Are all of these coordinate systems the same? Why might than be an issue?

All three data layers use the same geographic coordinate system, but not the same projected system. This could be an issue because when using different projected systems, data could be distorted in different ways causing the data points to not appear where they should if the correct projected system was used.

How might the need for metadata relate to coordinate systems?

The metadata available in a file can help decide what coordinate system would be best for the data. Different types of coordinate systems treat the data differently, and the metadata can help the user choose which system is best for illustrating the data most accurately for their purpose.

Think of some different types of attribute data that could be used in conjunction with UAS data and list it here with a use example.

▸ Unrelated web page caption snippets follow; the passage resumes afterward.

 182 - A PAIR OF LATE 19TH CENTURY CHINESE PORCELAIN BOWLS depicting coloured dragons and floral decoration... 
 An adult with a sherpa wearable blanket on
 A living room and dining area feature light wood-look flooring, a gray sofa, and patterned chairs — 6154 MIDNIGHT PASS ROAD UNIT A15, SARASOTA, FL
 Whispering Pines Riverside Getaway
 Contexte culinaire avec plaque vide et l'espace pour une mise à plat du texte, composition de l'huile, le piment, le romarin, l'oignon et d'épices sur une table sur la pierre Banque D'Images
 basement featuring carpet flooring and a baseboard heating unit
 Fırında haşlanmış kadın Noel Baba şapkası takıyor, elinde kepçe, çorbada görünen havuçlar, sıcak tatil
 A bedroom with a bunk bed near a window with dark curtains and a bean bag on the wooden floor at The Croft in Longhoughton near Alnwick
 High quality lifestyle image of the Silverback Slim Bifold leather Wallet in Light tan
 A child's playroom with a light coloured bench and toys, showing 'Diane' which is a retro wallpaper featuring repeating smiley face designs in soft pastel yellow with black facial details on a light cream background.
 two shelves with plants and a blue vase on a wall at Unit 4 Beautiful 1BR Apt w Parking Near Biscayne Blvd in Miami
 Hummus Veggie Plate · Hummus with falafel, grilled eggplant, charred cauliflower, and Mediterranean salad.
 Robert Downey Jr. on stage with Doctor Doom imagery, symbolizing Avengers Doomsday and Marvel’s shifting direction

Location and elevation are two of the most important types of data that can be collected by an unmanned system. The elevation of the UAS above ground is also very important. If future surveys are performed, knowing the elevation AGL of the UAS can ensure that the new survey is at the same height AGL so the surveys are easily comparable.

The following questions refer to the Wolfpaving orthomosaic.

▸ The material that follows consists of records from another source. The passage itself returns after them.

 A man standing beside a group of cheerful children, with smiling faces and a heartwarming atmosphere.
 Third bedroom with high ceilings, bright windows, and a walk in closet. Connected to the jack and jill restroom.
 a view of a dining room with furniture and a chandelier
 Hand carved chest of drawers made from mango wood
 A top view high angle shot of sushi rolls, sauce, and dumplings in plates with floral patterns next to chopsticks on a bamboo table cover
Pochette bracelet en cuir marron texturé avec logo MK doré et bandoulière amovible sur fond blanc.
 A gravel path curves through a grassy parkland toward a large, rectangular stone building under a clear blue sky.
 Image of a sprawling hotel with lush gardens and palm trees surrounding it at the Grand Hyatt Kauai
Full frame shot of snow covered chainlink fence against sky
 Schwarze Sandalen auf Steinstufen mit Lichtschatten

• What type of data is this? Raster integer
• What is the format? .tif
• What is the projection? WGS_1984_UTM_Zone_16N

The following refer to XYWOLF_PAVING_UTM16_massaged.shp

• What is the projection? WGS_1984_UTM_Zone_16N
• Does this projection match the Ortho? Whys is this so important? The projection does match. This is important because if the projections are different the data could end up distorted and not line up properly with the orthomosaic.
• Do the points line up with the markers on the ground? Yes, they points and markers line up.

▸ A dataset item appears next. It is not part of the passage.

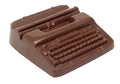A molded chocolate typewriter has keys and carriage details.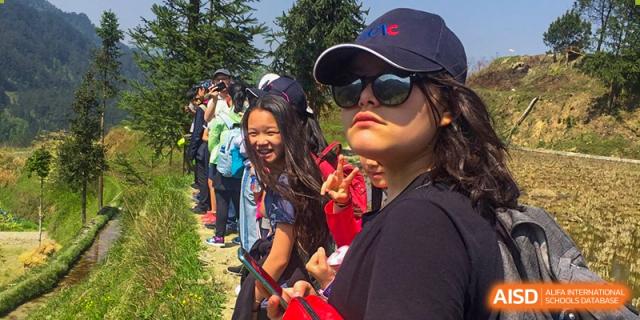 A group of students from Overseas Chinese Academy of Chiway Suzhou smiling and posing for a photo outdoors during a school trip.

Measure: Measure several features on the map. How might this type of tool be useful in working with UAS data?

The measure tool can measure distances, areas, and features. This can be very helpful to measure distances between two points of which the distance is known to ensure the scaling of the projection is correct, and that points haven't been distorted at all.

Figure 7: Measurement between two GCPs

Identify: Use the identify tool on several of the GCP points. Also, utnr on the DSM and identify pixels on that layer. How might this tool come in handy when working with UAS data?

As has been shown in questions above, the identify tool can provide helpful metadata for specific data points. 

Figure 8: Identify tool used on a GCP

Swipe: Use the swipe tool to move between the Orthomosaic and the DSM. How might this tool be useful when working with UAS data?

The swipe tool can be used to easily and quickly compare the orthomosaic and digital surface model of a surveyed location. 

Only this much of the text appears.